As a Central Church friend reminded me years ago they often are overlooked.
Anyway I see it thus:
1. Anglo-Catholic
a. Anglo-Papalist - Tridentine
b. Anglo-Papalist - Modern (a peculiarly English breed of cat, he uses the Novus Ordo, the current RC services)
c. Prayer Book Catholic
d. The modern version of Prayer Book Catholic, not papalist and using the Anglican prayer book that's the standard where he is (Common Worship, US 1979 BCP, etc.)

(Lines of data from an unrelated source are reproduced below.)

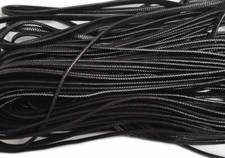 Geflochten Lederschnur Lederriemen Lederband echtLeder Schwarz Lederbänder Flach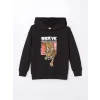 LCW Kids Siyah Kapüşonlu Erkek Çocuk Sweatshirt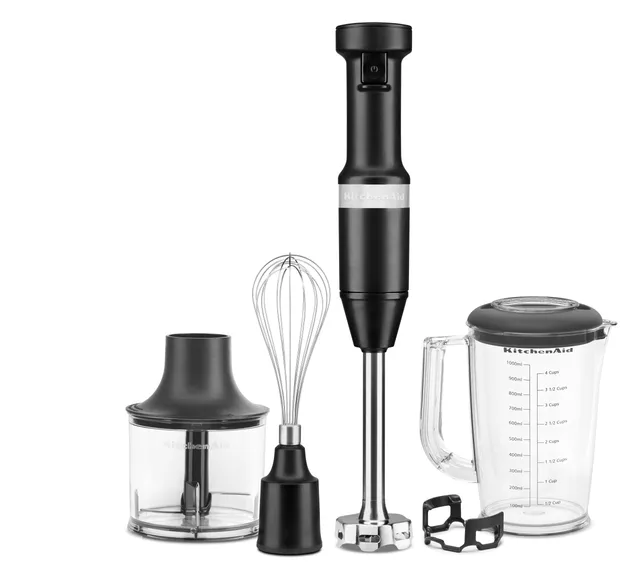 kitchenaid-stabmixer-mit-kabel-mattschwarz image 1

e. Anglo-Orthodox. Rare as hen's teeth, more so than Tridentine ACs, but they're out there. Also, 1c and 1d often see themselves as 'Western Orthodox' analogues to the Eastern Orthodox.
2. Central
a. High Central - almost Catholic, strongly resembling 1c or 1d, but doesn't believe in a complete change in the elements (denies transubstantiation for example)
b. Middle of the road
c. Low Central - happy-clappy, possibly charismatic but believes in apostolic succession and is not a Calvinist
Also, these come in old-school and modern versions, the latter accepting women clergy.
3. Evangelical
a. Old-school conservative Evo - Calvinist, Presbyterians with Prayer Books
b. Modern, a bit like 2c but they believe apostolic succession is optional
Again, some accept women clergy and some don't.
4. Broad
a. Still credally Christian
i. Affirming Catholic: former ACs who accept women clergy, accept practising homosexuality or both
ii. Former Central Churchmen who've signed off on the gay thing
iii. Open Evangelical: former Evos who are on board with the gay thing
b. Non-Christian/apostate
i. Atheists
ii. Agnostics
iii. Neo-pagans
4a (i) and 4b can be very high-church in practice as 4b believes in nothing therefore everything and so has no problem with Catholic externals.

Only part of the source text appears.